YOUR TASK: Pictures stay out of the copy, and everything else in the data below is repeated exactly.

** Opening RECORDS SUPPLIED block **

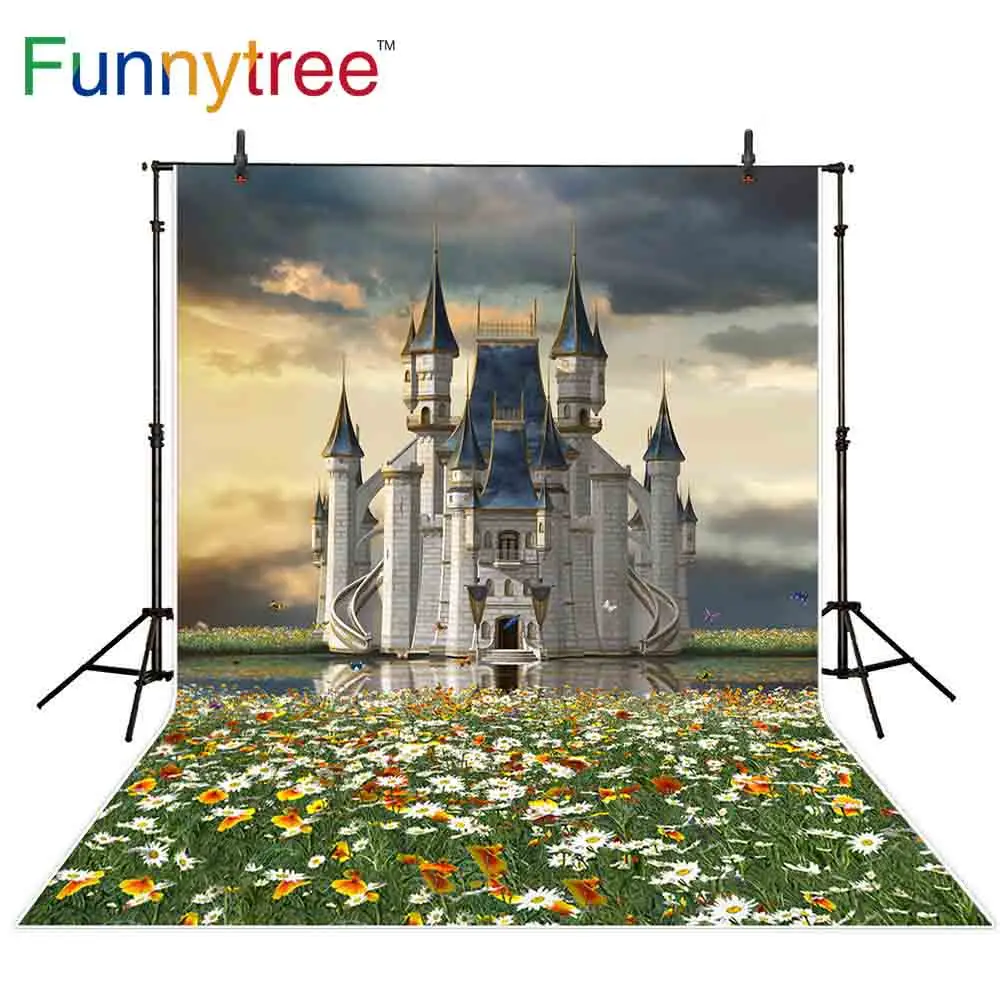 Funnytree Фотофон для фотосъемки 3D замок принцесса облака цветы ребенка девочки
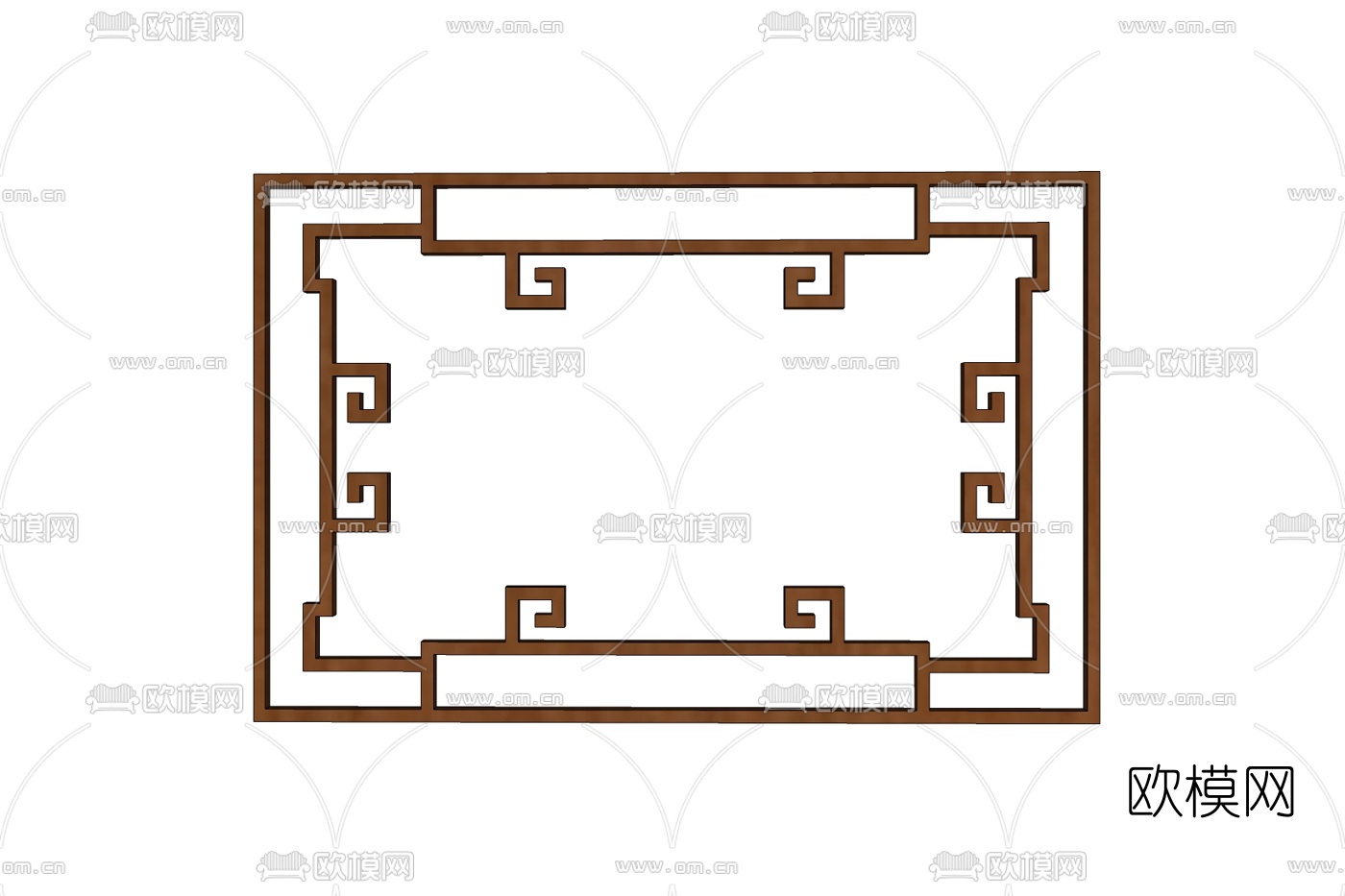 新中式实木窗格免费su模型下载
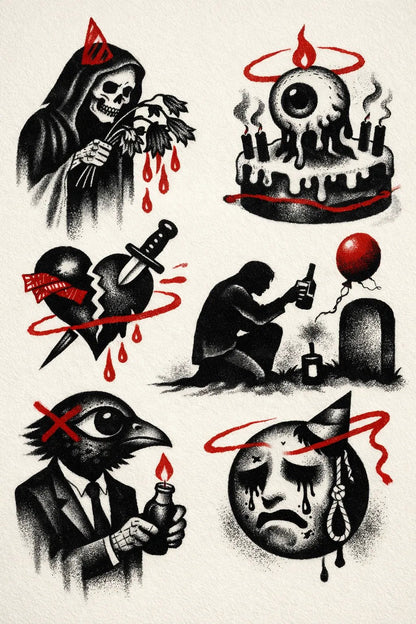 Example output from the Experimental Tattoo Flash Sheet ChatGPT prompt: Mortality Rituals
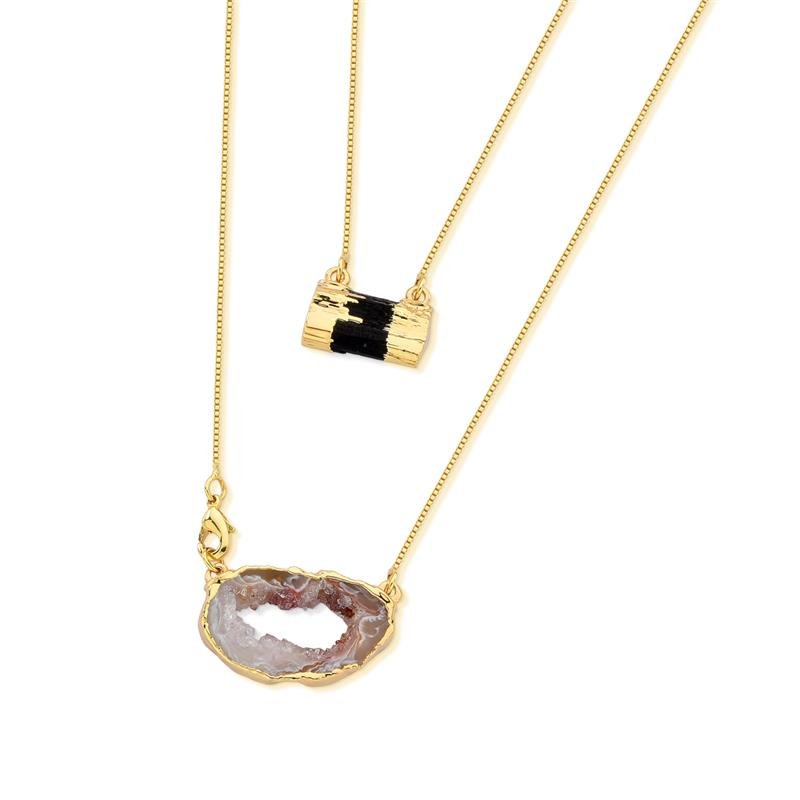 Agate and tourmaline necklace | 2 sets combined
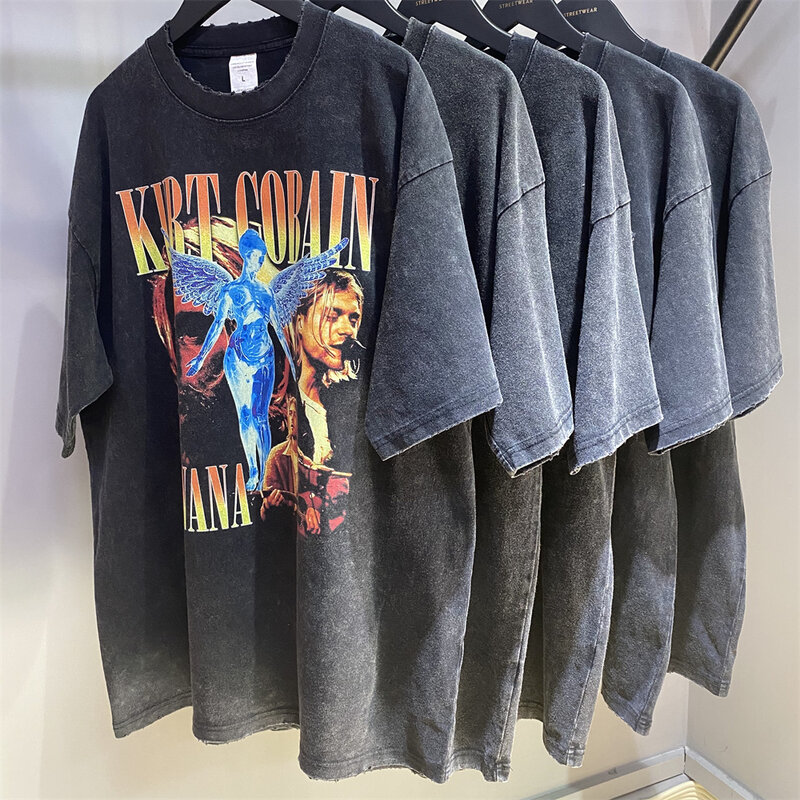 Camiseta de Hip Hop para hombre, ropa de calle con estampado de personajes de la banda de Rock, Harajuku, de algodón, holgada, Retro, de manga corta, 2022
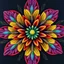 Placeholder: a close up of a colorful flower on a black background, a mosaic, by Joy Garnett, kinetic pointillism, intricate 3 d sculpture, symmetric indian pattern, fractal lace, made out of sweets, viewed from below, guilloche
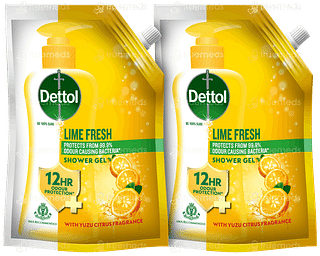 Dettol Lime Fresh 450ml Pack Of 2 Refill Shower Gel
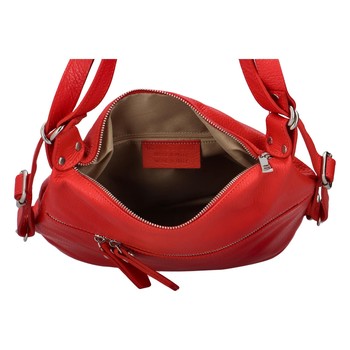 Dámská kožená kabelka batoh červená - ItalY Nadinea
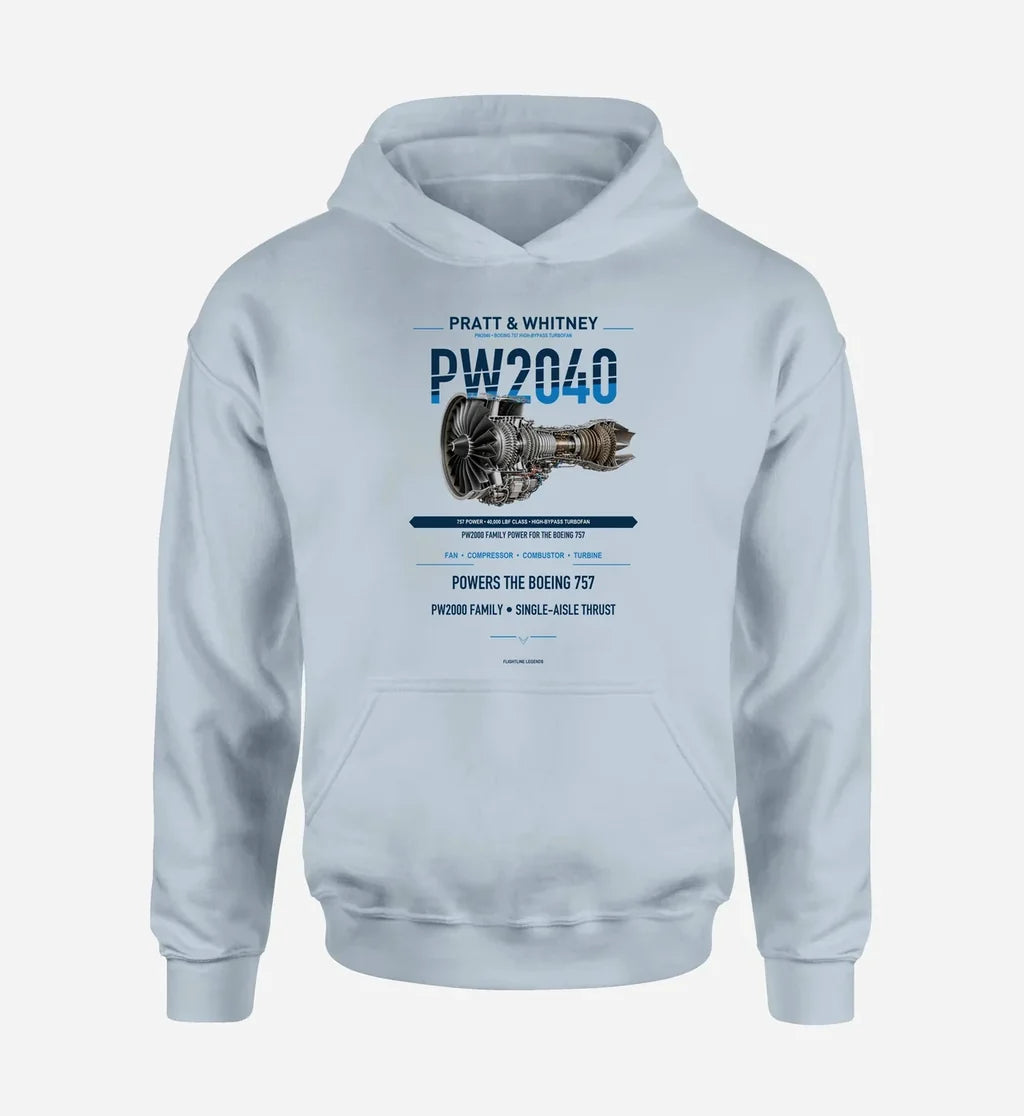 PW2040 design on light blue hoodie single side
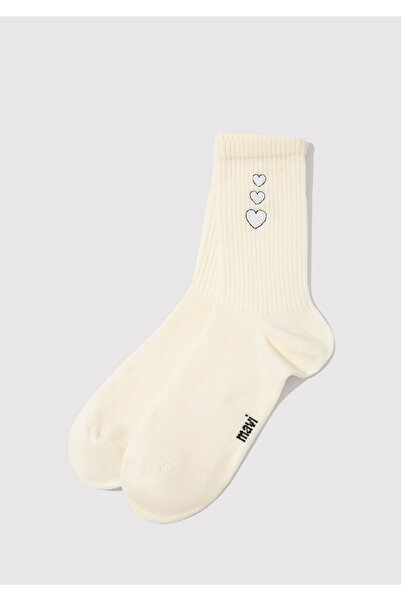 Mavi Heart Embroidered Ecru Socks 1913542-70048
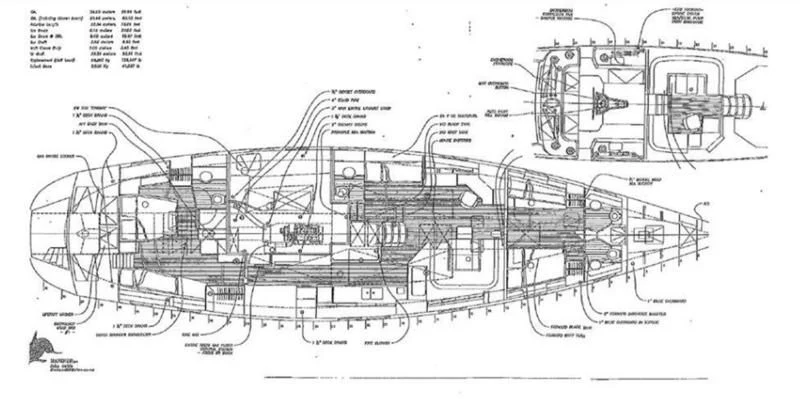 diagram, engineering drawing aboard LEONORE Yacht for Sale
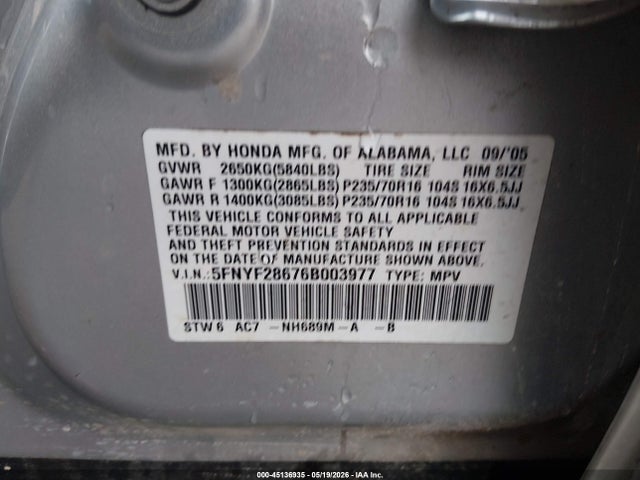 Продажа на аукционе авто 2006 Honda Pilot Ex-l, vin: 5FNYF28676B003977, номер лота: 45136935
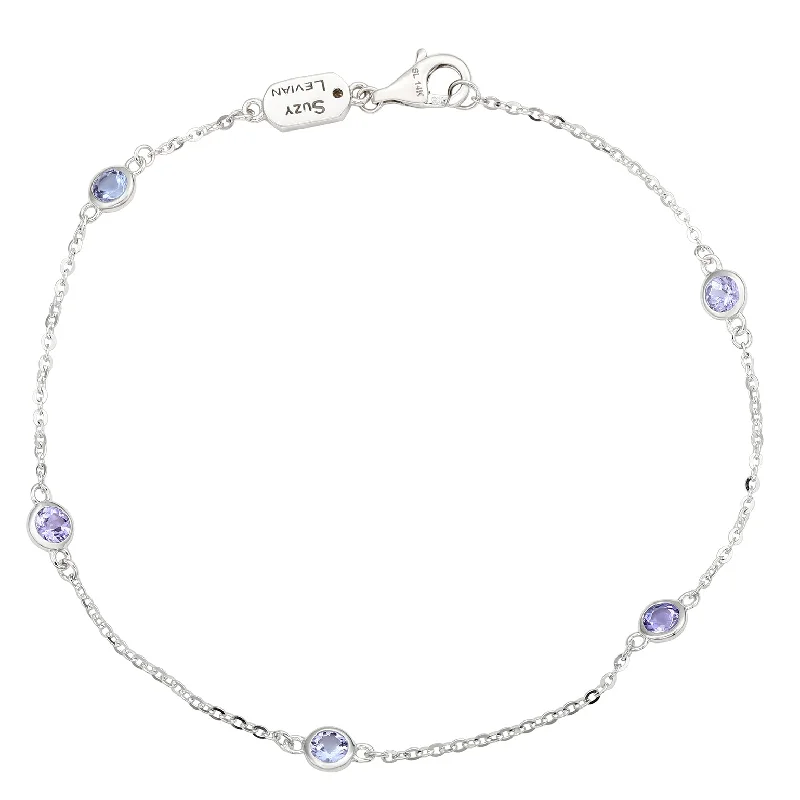 Affordable Luxury Jewelry For Every Occasion Suzy Levian 14K White Gold .85 CTTW Tanzanite Station Bracelet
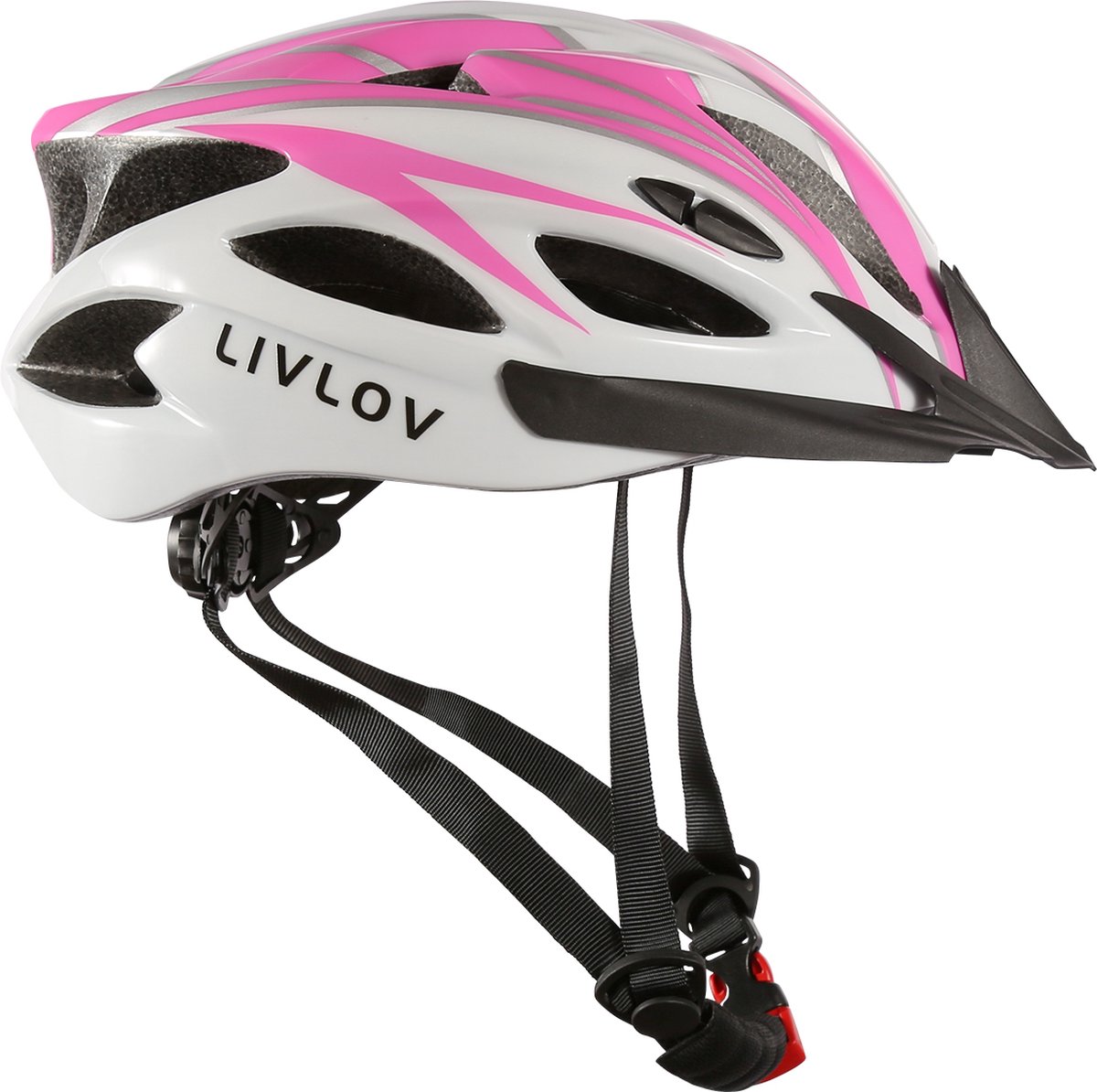 Fietshelm voor volwassenen Lichtgewicht - Verstelbare fietshelm voor heren Dames Hoofdomtrek 57-62cm-gecertificeerde fietshelm voor volwassenen Jeugd Mountain Road Biker - roze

** Closing RECORDS SUPPLIED block **

ANSWER FOR THIS EXERCISE:
 Funnytree Фотофон для фотосъемки 3D замок принцесса облака цветы ребенка девочки
 新中式实木窗格免费su模型下载
 Example output from the Experimental Tattoo Flash Sheet ChatGPT prompt: Mortality Rituals
 Agate and tourmaline necklace | 2 sets combined
 Camiseta de Hip Hop para hombre, ropa de calle con estampado de personajes de la banda de Rock, Harajuku, de algodón, holgada, Retro, de manga corta, 2022
 Placeholder: a close up of a colorful flower on a black background, a mosaic, by Joy Garnett, kinetic pointillism, intricate 3 d sculpture, symmetric indian pattern, fractal lace, made out of sweets, viewed from below, guilloche
 Dettol Lime Fresh 450ml Pack Of 2 Refill Shower Gel
 Dámská kožená kabelka batoh červená - ItalY Nadinea
 PW2040 design on light blue hoodie single side
 Mavi Heart Embroidered Ecru Socks 1913542-70048
 diagram, engineering drawing aboard LEONORE Yacht for Sale
 Продажа на аукционе авто 2006 Honda Pilot Ex-l, vin: 5FNYF28676B003977, номер лота: 45136935
 Affordable Luxury Jewelry For Every Occasion Suzy Levian 14K White Gold .85 CTTW Tanzanite Station Bracelet
 Fietshelm voor volwassenen Lichtgewicht - Verstelbare fietshelm voor heren Dames Hoofdomtrek 57-62cm-gecertificeerde fietshelm voor volwassenen Jeugd Mountain Road Biker - roze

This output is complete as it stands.